#### EXERCISE:
Give back each line of the data exactly as it reads, minus the pictures.

#### SUPPLIED MATERIAL:
---------------
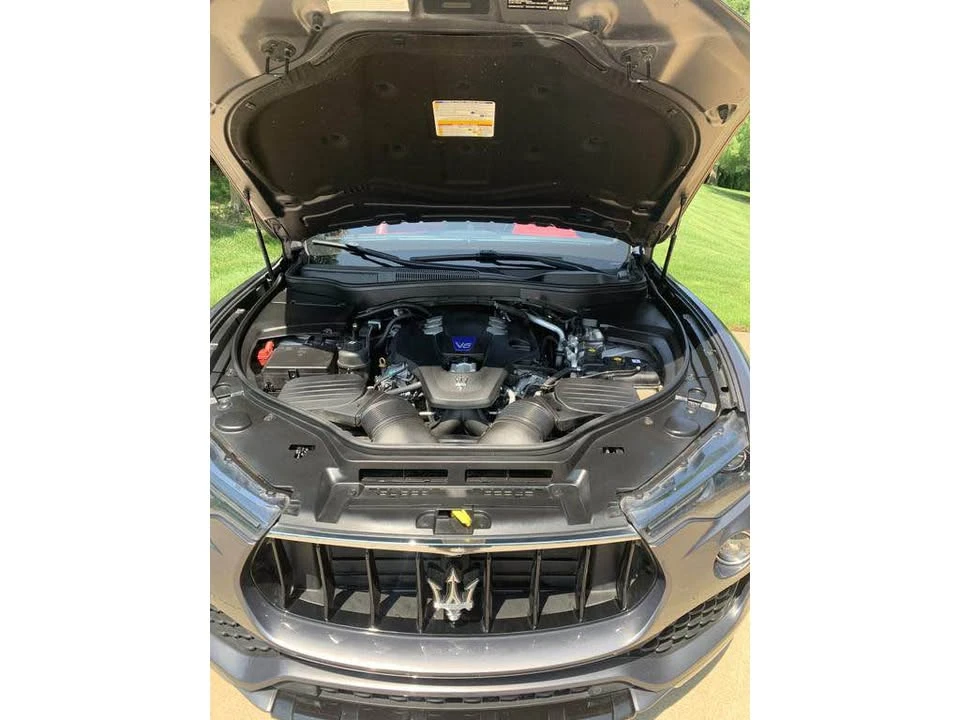 2017 Maserati Levante - Image 3 of 4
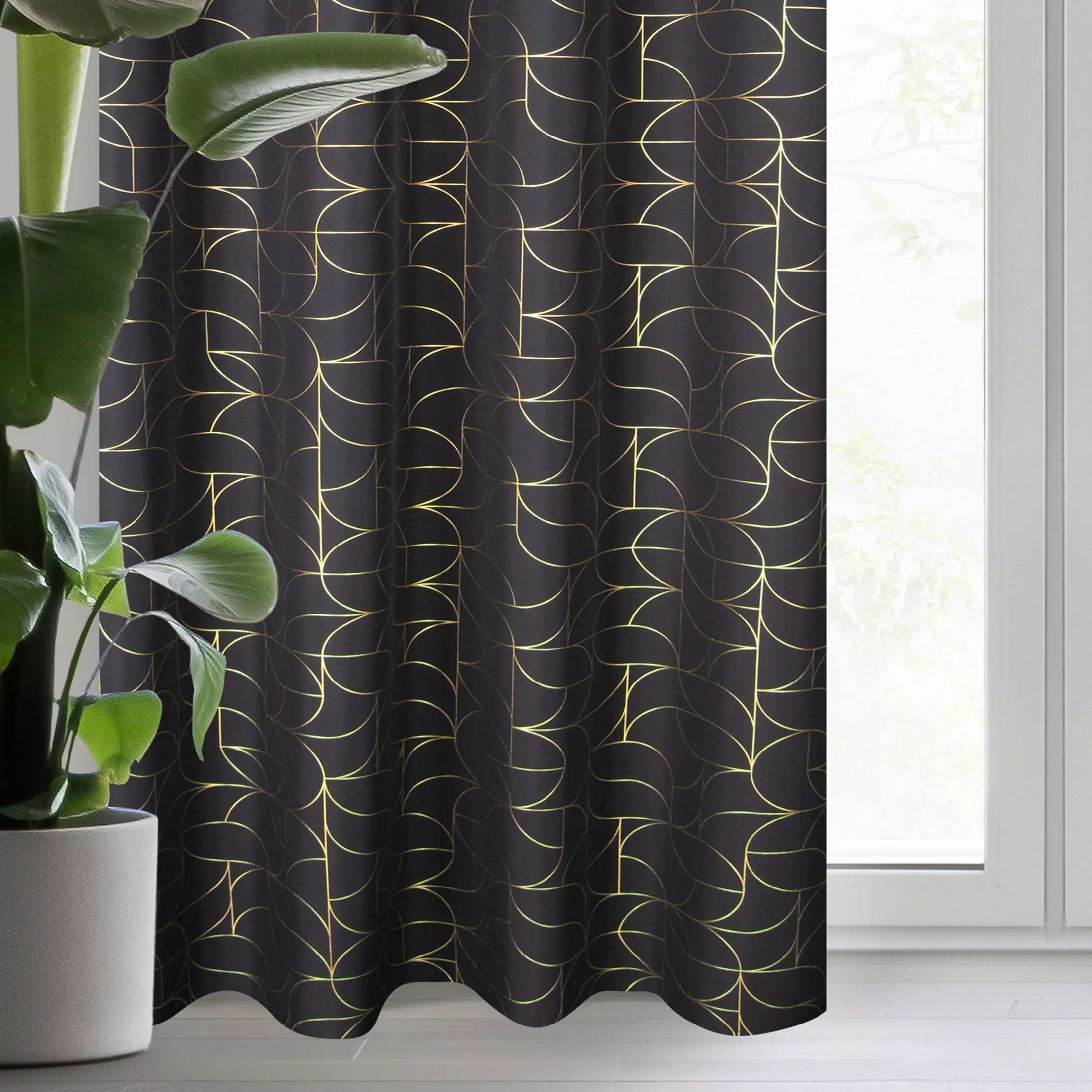 Zasłona czarna ze złotym geometrycznym nadrukiem 140x250 cm przelotka - EVI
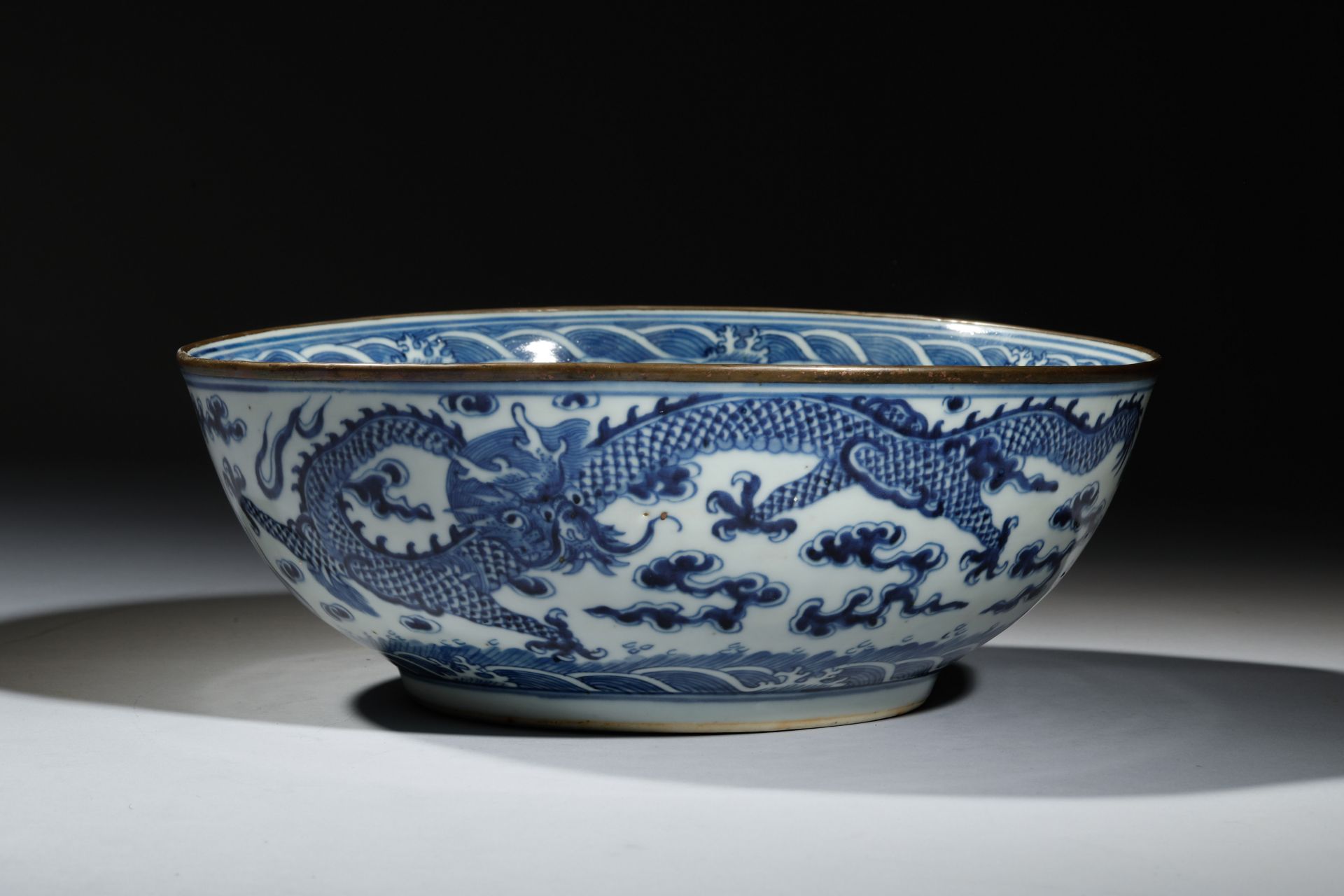 Large coupe en porcelaine blanche décorée en bleu cobalt sous couverte de dragons impériaux flottant - Image 3 of 8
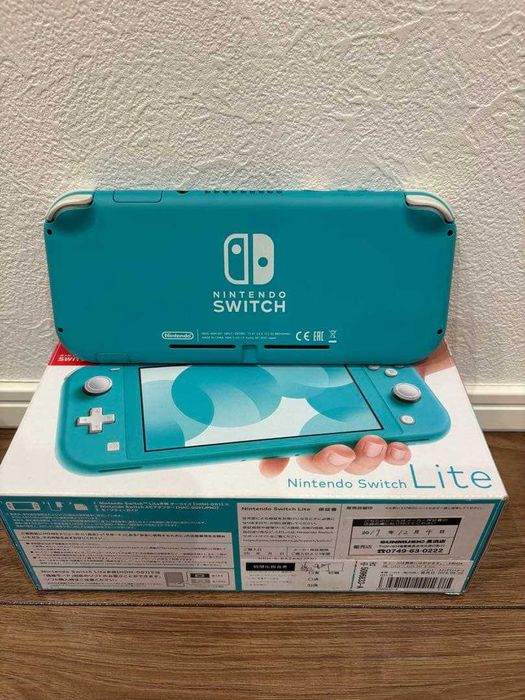 Nintendo Switch lite + игри Utube и Fortnite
---------------
#### OUTPUT OF THE EXERCISE:
 2017 Maserati Levante - Image 3 of 4
 Zasłona czarna ze złotym geometrycznym nadrukiem 140x250 cm przelotka - EVI
 Large coupe en porcelaine blanche décorée en bleu cobalt sous couverte de dragons impériaux flottant - Image 3 of 8
 Nintendo Switch lite + игри Utube и Fortnite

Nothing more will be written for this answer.